Talk:IP Editing: Privacy Enhancement and Abuse Mitigation/Improving tools

From Meta, a Wikimedia project coordination wiki
Jump to navigation Jump to search

Main project page (discuss)
Ideas for privacy enhancement (discuss)  · Improving anti-vandalism tools (discuss)


Should we include "WhoIs" as an existing tool? — Arthur Rubin T C (en: U, T) 02:54, 30 August 2019 (UTC)

WHOIS has become more or less a generic name for an information blurb that is available from dozens of providers; many IP lookups give as much information as a typical WHOIS page. There's an experimental version on the ToolForge (it's the link available on enwp IP address user pages/contribs pages). I'd suggest linking the ToolForge version, but there are so many other versions that people kind of pick and choose their favourite providers. Risker (talk) 03:26, 30 August 2019 (UTC)

Linking to other feedback[edit]

So it's not lost, and is available for others to read.

wikidata:Wikidata:Project_chat/Archive/2019/08#New tools and IP masking. /Johan (WMF) (talk) 10:13, 9 September 2019 (UTC)

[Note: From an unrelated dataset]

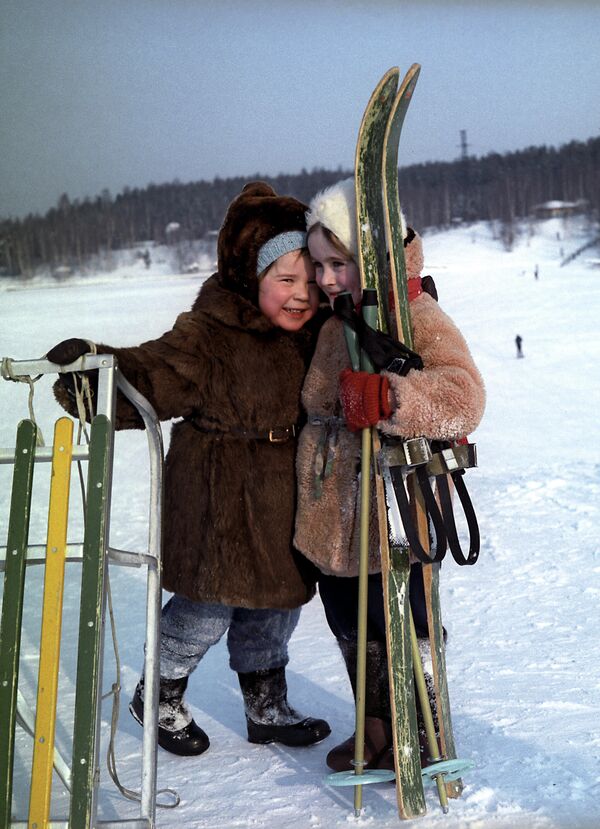 Подружки на зимней прогулке. Московская область, 1970 год. - Sputnik Латвия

Feedback about proposed tools[edit]

We've put out some ideas on the project page about tools we can build to help improve vandalism detection and mitigation on our projects. We want your help with brainstorming on these ideas. What are some costs, benefits and risks we might be overlooking? How can we improve upon these ideas? What sounds exciting, what sounds sub-optimal? We want to hear all your thoughts. -- NKohli (WMF) (talk) 00:12, 14 January 2020 (UTC)

Summary of previous feedback[edit]

There was extensive discussion at Talk:IP_Editing:_Privacy_Enhancement_and_Abuse_Mitigation, which I will attempt to summarize:

There was clear and overwhelming community rejection of masked editing, to the extent of a likely community consensus to place a preemptive block against all masked edits. If the Foundation were to terminate the ability for logged out users to IP-edit (replacing IP editing with with masked editing), the Foundation would be effectively be denying logged-out users users any ability to edit at all. Any new tools for handling masked-edits would then be completely non-functional, as there would be exactly zero masked-edits to examine.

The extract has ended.